Frequently Asked Questions
Can you go to jail just for owing back taxes?
No — civil debt alone is not criminal. Tax evasion (willful acts to defeat tax) and tax fraud (false returns) are crimes. Simple inability to pay is resolved through IRS civil collection.
What's the difference between not filing and not paying?
Not filing a required return is a separate crime under § 7203 (1 year max). Not paying assessed tax alone is civil. Both together (not filing + not paying willfully) creates higher criminal exposure.
How long do you go to jail for tax evasion?
Up to 5 years per count under § 7201, plus $100,000 fine. Most actual sentences are 12-36 months under federal sentencing guidelines depending on tax loss amount and aggravators.

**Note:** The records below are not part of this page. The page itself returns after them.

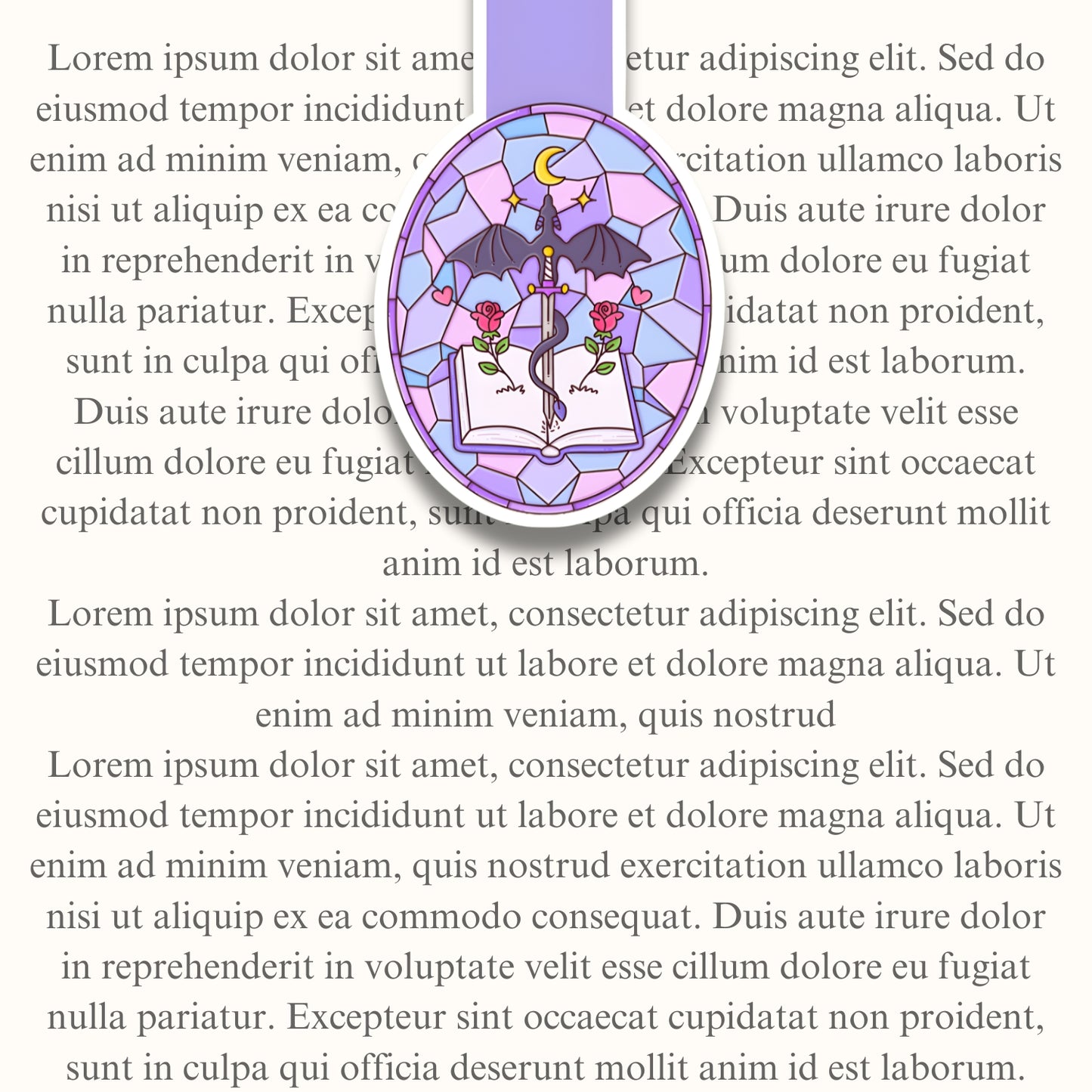 Stained Glass Fantasy Dragon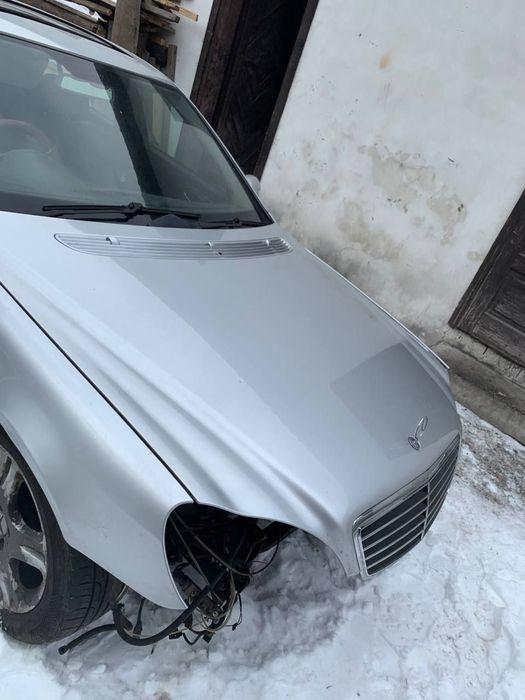 Капот w220 Мерседес рест до рест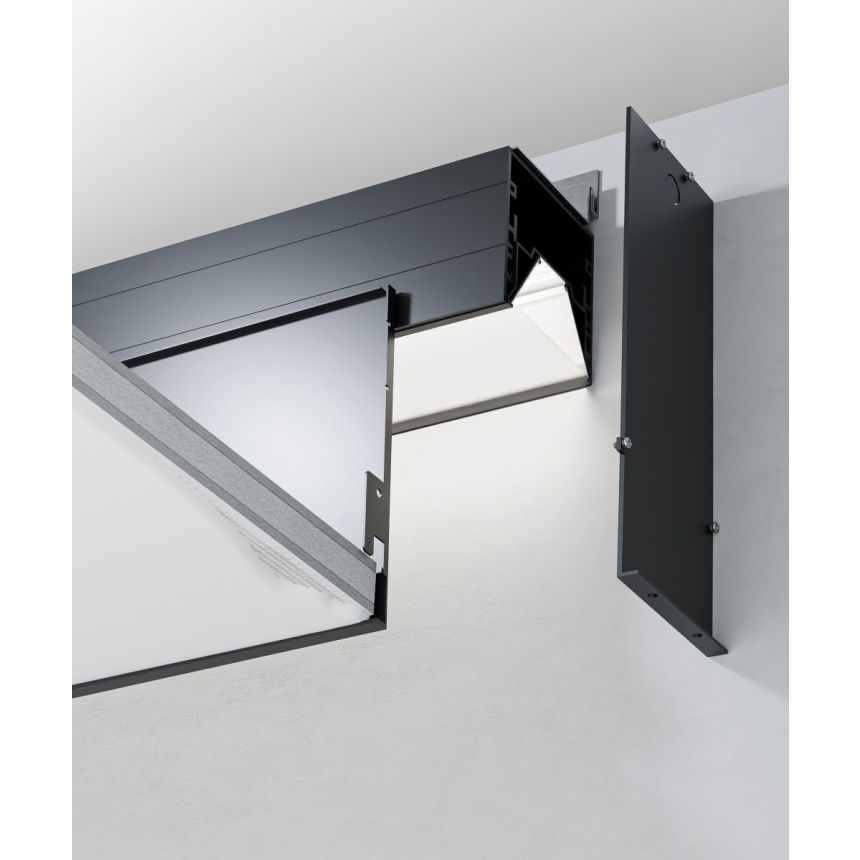 Alcon 15233-4 Linear Recessed LED Perimeter Light Shown in Black finish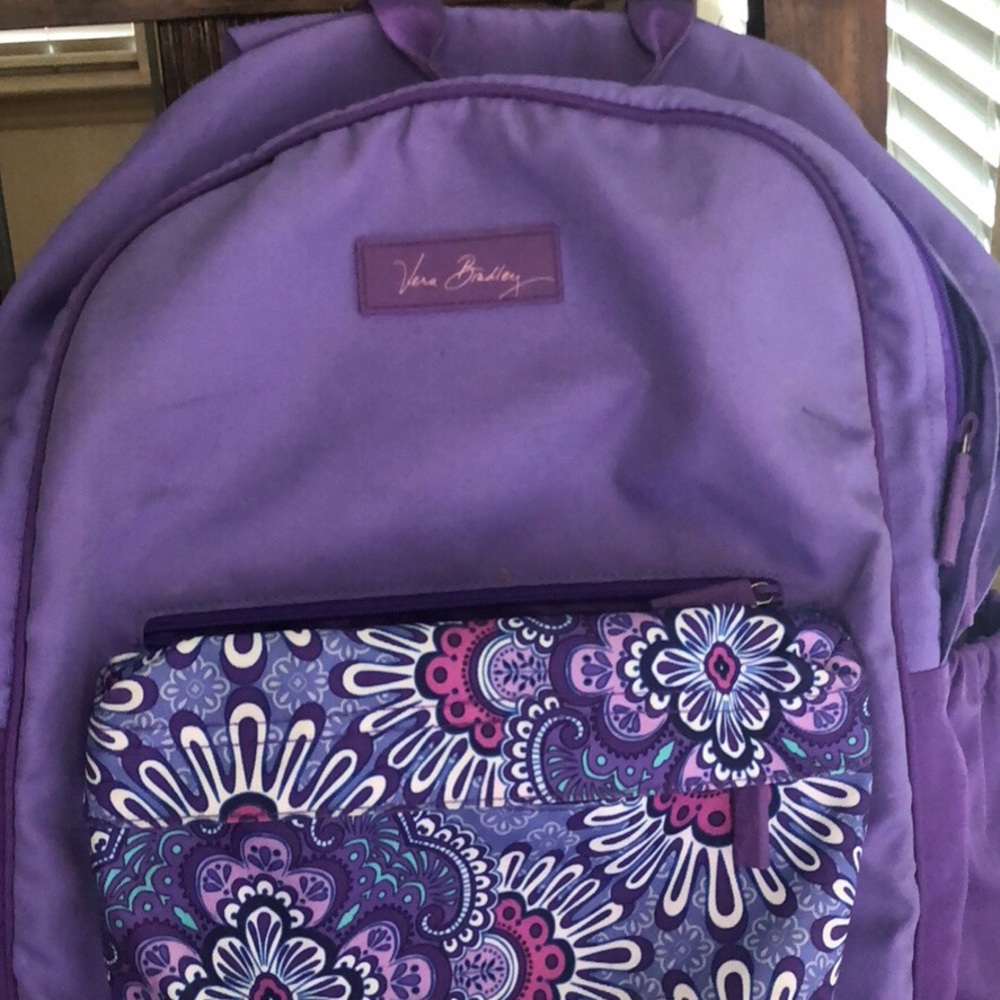 •SOLD• Vera Bradley Purple Color Block Backpack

Does the IRS jail people often?
Rarely — approximately 2,000 criminal referrals/year from IRS-CI; most result in pleas with reduced sentences. Civil collection handles most tax debt. Criminal referral typically requires documented willful evasion.
Can Texas state put me in jail for not paying state taxes?
For affirmative state tax fraud yes (Tax Code § 151.7032, Penal Code § 32.45). For simple non-payment of state tax debts, Texas Comptroller uses civil collection (liens, levies). Criminal prosecution requires fraud or affirmative evasion.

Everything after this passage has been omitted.